By this time various homeward bound individuals of diverse occupations and interests noticing this small group so advantageously disposed near the principal thoroughfare of the city, hesitated a moment,—either to eye them askance or to ascertain the character of their work. And as they sang, the nondescript and indifferent street audience gazed, held by the peculiarity of such an unimportant group publicly raising its voice against the vast skepticism and apathy of life. That gray and flabby and ineffectual old man, in his worn and baggy blue suit. This robust and yet uncouth and weary and white-haired woman; this fresh and unsoiled and unspoiled and uncomprehending boy. What was he doing here? And again that neglected and thin spinster and her equally thin and distrait looking mother. Of the group, the wife stood out in the eyes of the passers-by as having the force and determination which, however blind or erroneous, makes for self-preservation, if not real success in life. She, more than any of the others, stood up with an ignorant, yet somehow respectable air of conviction. And as several of the many who chanced to pause, watched her, her hymn-book dropped to her side, her glance directed straight before her into space, each said on his way: “Well, here is one, who, whatever her defects, probably does what she believes as nearly as possible.” A kind of hard, fighting faith in the wisdom and mercy of the definite overruling and watchful and merciful power which she proclaimed was written in her every feature and gesture.

The song was followed with a long prayer and by the wife; then a sermon by the husband, testimonies by the others—all that God had done for them. Then the return march to the hall, the hymnals having been gathered, the organ folded and lifted by a strap over the husband’s shoulder. And as they walked—it was the husband that commented: “A fine night. It seemed to me they were a little more attentive than usual.”

“Oh, yes,” returned the younger woman that had played the organ. “At least eleven took tracts. And one old gentleman asked me where the mission was and when we held services.”

“Praise the Lord,” commented the man.

And then at last the mission itself—“The Star of Hope. Bethel Independent Mission, Meetings every Wednesday and Saturday night, 8 to 10. Sundays at 11, 3, 8. Everybody welcome.” And under this legend in each window—“God is Love.” And below that again in smaller type: “How long since you wrote to Mother.”
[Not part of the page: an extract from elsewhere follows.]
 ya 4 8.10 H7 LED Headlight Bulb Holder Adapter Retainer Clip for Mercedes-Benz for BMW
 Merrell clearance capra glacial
“Kin’ I have a dime, grandma? I wana’ go up to the corner and git an ice-cream cone.” It was the boy asking.

“Yes, I guess so, Russell. But listen to me. You are to come right back.”

“Yes, I will, grandma, sure. You know me.”

He took the dime that his Grandmother had extracted from a deep pocket in her dress and ran with it to the ice-cream vendor.

Her darling boy. The light and color of her declining years. She must be kind to him, more liberal with him, not restrain him too much, as maybe, maybe, she had—— She looked affectionately and yet a little vacantly after him as he ran. “For his sake.”

The small company, minus Russell, entered the yellow, unprepossessing door and disappeared.